No pointers needed. The tree structure is implicit in the list indices.

Python's heapq Module

Python provides heapq — a min-heap implementation that operates on regular lists. No special class needed.

import heapq

nums = [5, 3, 8, 1, 9, 2]

# heapify — transform list into a heap in-place, O(n)
heapq.heapify(nums)  # nums is now [1, 3, 2, 5, 9, 8]

# heappush — add element, O(log n)
heapq.heappush(nums, 4)

# heappop — remove and return smallest, O(log n)
smallest = heapq.heappop(nums)  # 1

# peek — look at smallest without removing, O(1)
smallest = nums[0]

# heappushpop — push then pop (more efficient than separate operations)
result = heapq.heappushpop(nums, 6)

# heapreplace — pop then push (more efficient than separate operations)
result = heapq.heapreplace(nums, 7)

Key fact: heapq is min-heap only. There is no built-in max-heap in Python.
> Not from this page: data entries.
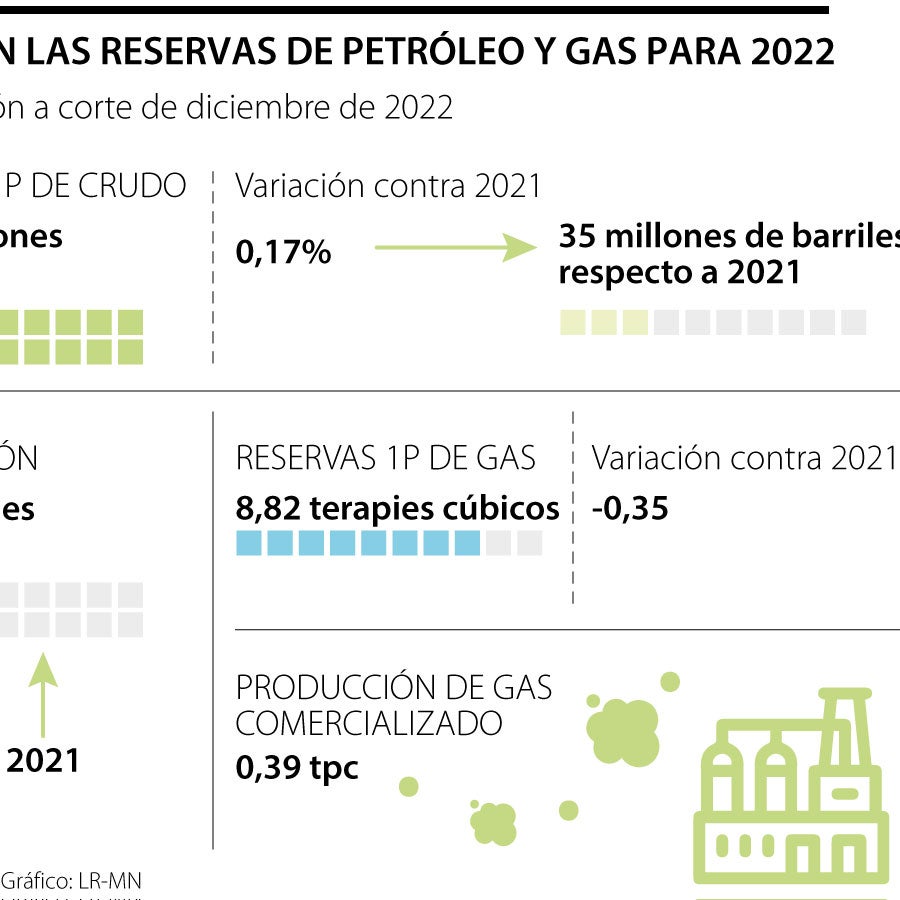 ANH calcula reservas probadas de petróleo y gas para 7,5 y 7,2 años ...
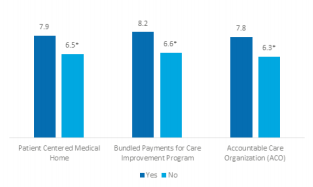 Figure 5 illustrates a vertical bar chart that conveys the average number of ways in which hospitals use their EHR data in 2017 depending on whether or not they participate in three types of CMS Innovation Models, Patient Centered Medical Homes, Bundled Payments for Improvement Program and Accountable Care Organizations. The bars are grouped by CMS Innovation model.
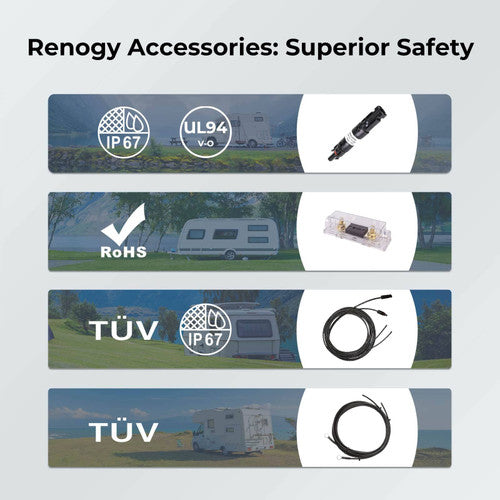 Renogy New 400 Watt 12 Volt Solar Premium Kit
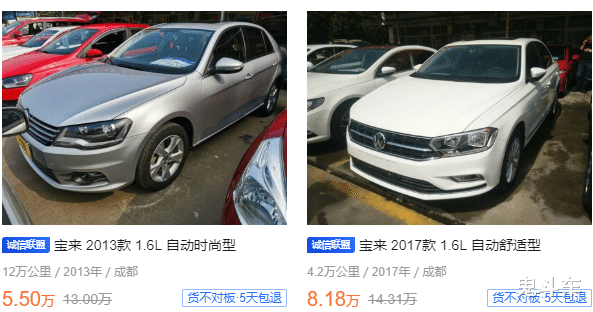 新车▲大学毕业拥有这几款车 不超5万月油耗500元 网友：赢家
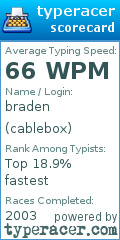 Scorecard for user cablebox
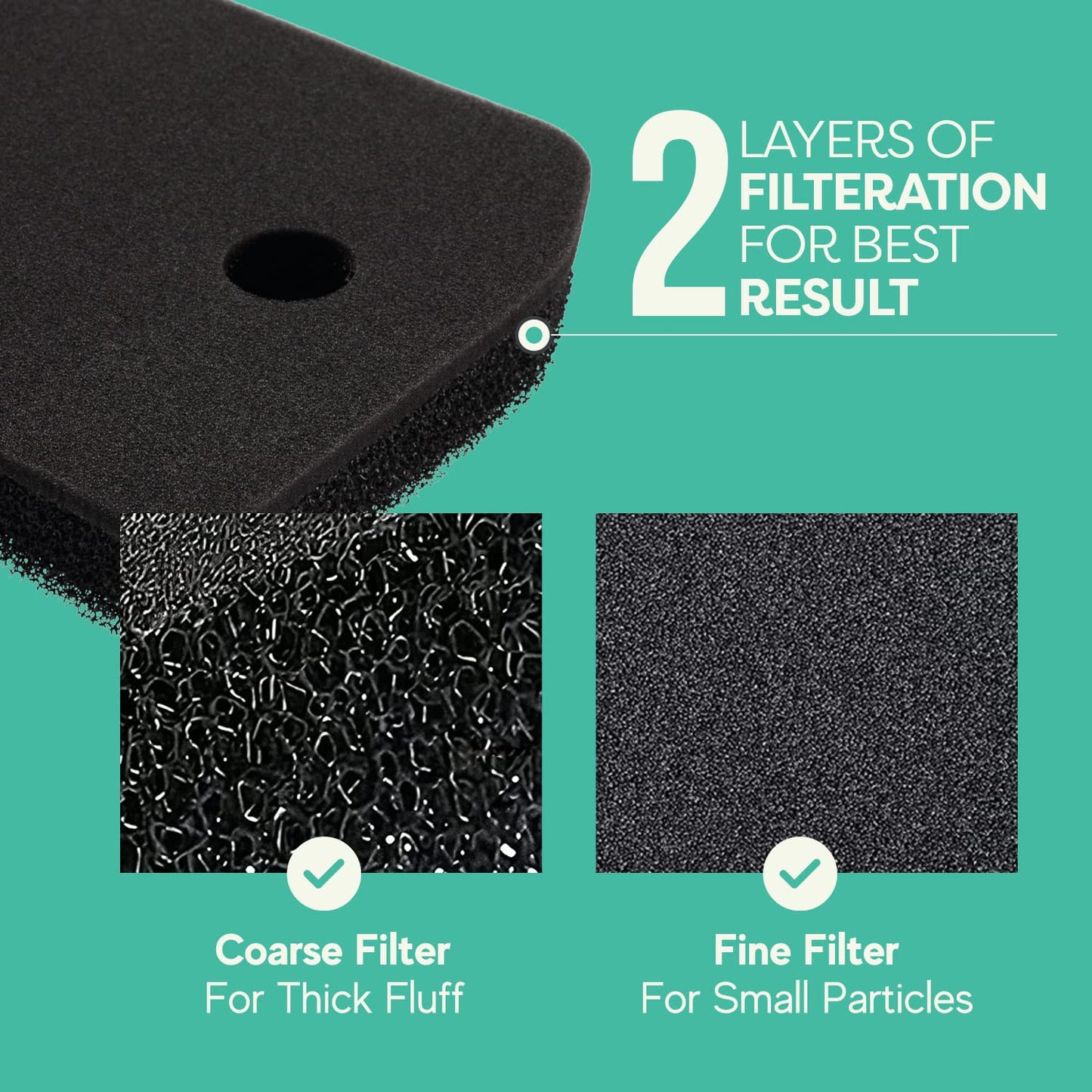 Plinth Filter Replacement for Miele T1 Dryer - 9164761 Heat Pump Tumble Dryer, Toe-Kick Lint Foam Filter Replacement 2 Pack By JASCODE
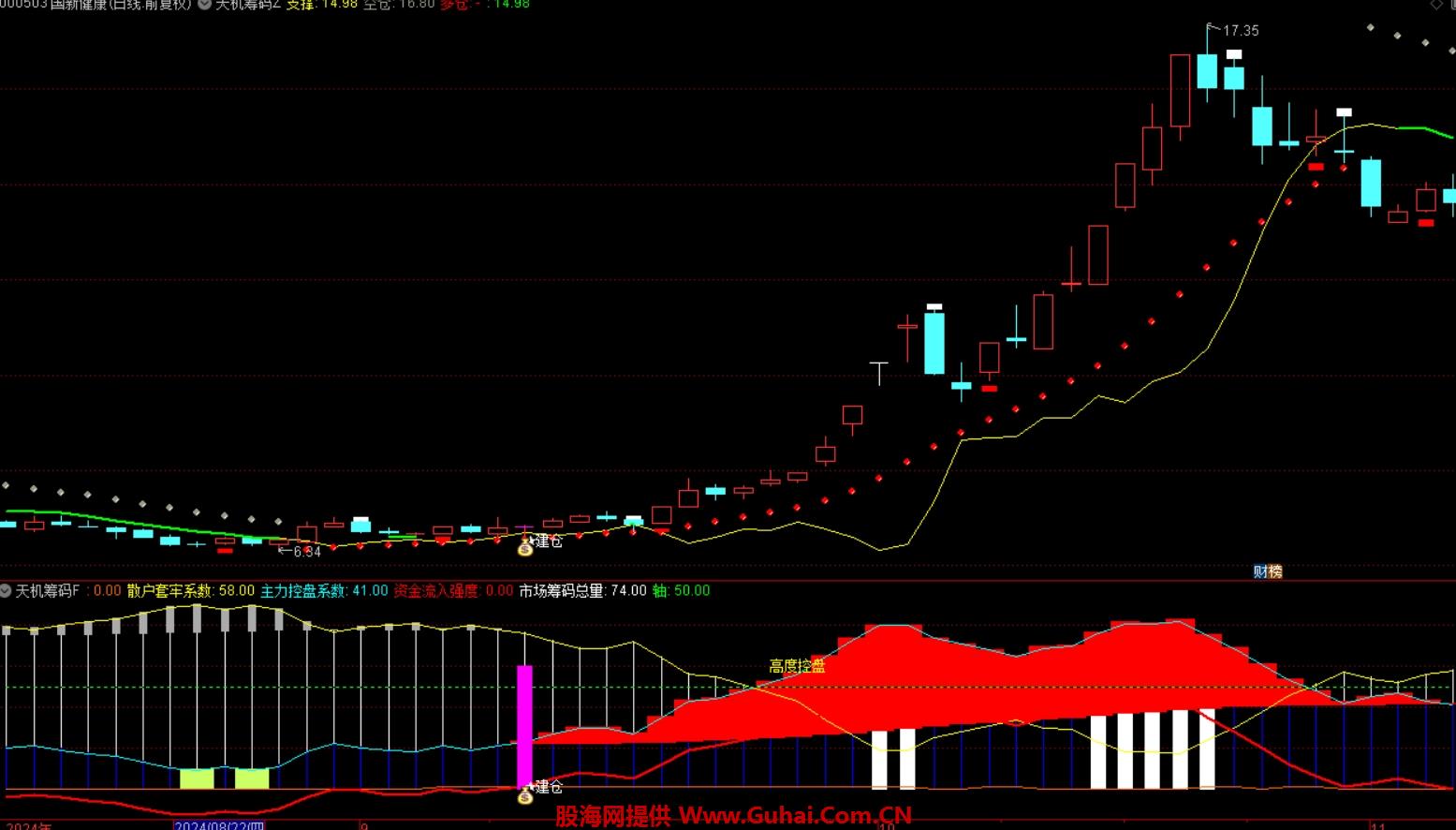 通达信股票软件官方免费下载(通达信股票软件官方免费下载7,62)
The Max-Heap Trick: Negate Values

Since heapq only supports min-heap, simulate a max-heap by negating values:

import heapq

nums = [5, 3, 8, 1, 9]

# Max-heap: negate on push, negate on pop
max_heap = [-x for x in nums]
heapq.heapify(max_heap)

# Get largest
largest = -heapq.heappop(max_heap)  # 9

# Push a new value
heapq.heappush(max_heap, -7)  # push 7 as -7

# Peek at largest
largest = -max_heap[0]

This is the standard Python idiom. Every competitive programmer and interviewer knows it.

nlargest and nsmallest

For finding the top/bottom K elements without maintaining a heap yourself:

import heapq

nums = [5, 3, 8, 1, 9, 2, 7]

# K largest elements
heapq.nlargest(3, nums)   # [9, 8, 7]

# K smallest elements
heapq.nsmallest(3, nums)  # [1, 2, 3]

# With key function
tasks = [('low', 3), ('high', 1), ('med', 2)]
heapq.nsmallest(2, tasks, key=lambda x: x[1])  # [('high', 1), ('med', 2)]

When to use what:

  • nlargest/nsmallest — best when K is small relative to N
  • sorted(nums)[:k] — best when K is close to N
  • heapq.heapify + K pops — best when you need to process elements one at a time

Tuple Priority

heapq compares elements directly. For tuples, it compares element by element — first element is the primary key, second breaks ties, etc.

import heapq

# Priority queue with (priority, item)
pq = []
heapq.heappush(pq, (3, "low priority"))
heapq.heappush(pq, (1, "high priority"))
heapq.heappush(pq, (2, "medium priority"))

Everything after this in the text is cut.